Rhythm and Comedy. Not two genres you often see paired together but when they are, it often makes for a magical pairing. Hide & Dance is the latest iteration from the Hide series. They all have a Japanese family doing something crazy on a blue background and minimalistic art. They often have hiding something at the core of the game.
Hide & Dance see’s you take control of one of six family members and let loose dancing in their room. There are 20 songs to pick from, although only a few are unlocked to start with. Once in the game you’ll have four rhythm lane chutes coming down to hit the buttons with correct timing. I bought the PS4 version so for me I used left, down, cross and circle. As you dance, you’ll see the door to your room jink open and then at certain points during the game, it’ll fly open and either your mum or grandpa will be there waiting to tell you off! When this happens, you need to press the two shoulder buttons together to hide. Hiding see’s you strike a variety of poses or quickly doing other tasks until the family member goes and the rhythm section begins. Get caught or miss five button prompts and its game over.

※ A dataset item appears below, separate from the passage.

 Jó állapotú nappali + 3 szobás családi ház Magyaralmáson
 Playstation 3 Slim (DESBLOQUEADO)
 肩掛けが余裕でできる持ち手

For a simple premise, Hide & Dance executes it well. You collect coins as you play which you place into a gatcha to unlock tracks, button noises and 4 locked characters. The songs all have normal, hard and extreme modes although veteran rhythm players will not feel pressure at all aside from a couple of the extreme charts. There is even a two player mode and surprisingly a music/video calibration mode – something serious rhythm games often lack. The door opens at the same times every chart so you may fail once whilst getting used to the track and then you’ll be fine. Non rhythm games will still find Normal a breeze but may come unstuck half way through Hard mode when double presses become a regular activity.
The only negatives I have are that the tracks are all short and over within 90 seconds at the longest and some family members haven’t got as many hiding poses to see compared to others. The cat only has about six and the fly one. I wished there was a little more given to them – and the mum appears a little underdone too compared to the kids and grandpa. Overall though, this is a 2 hour game that is very playable, silly fun and made me laugh out loud more than once. It’ll be one you’ll pull out for friends to laugh at for a few minutes before you move onto something else but it will definitely be staying in my rotation as a palette cleanser. Good fun.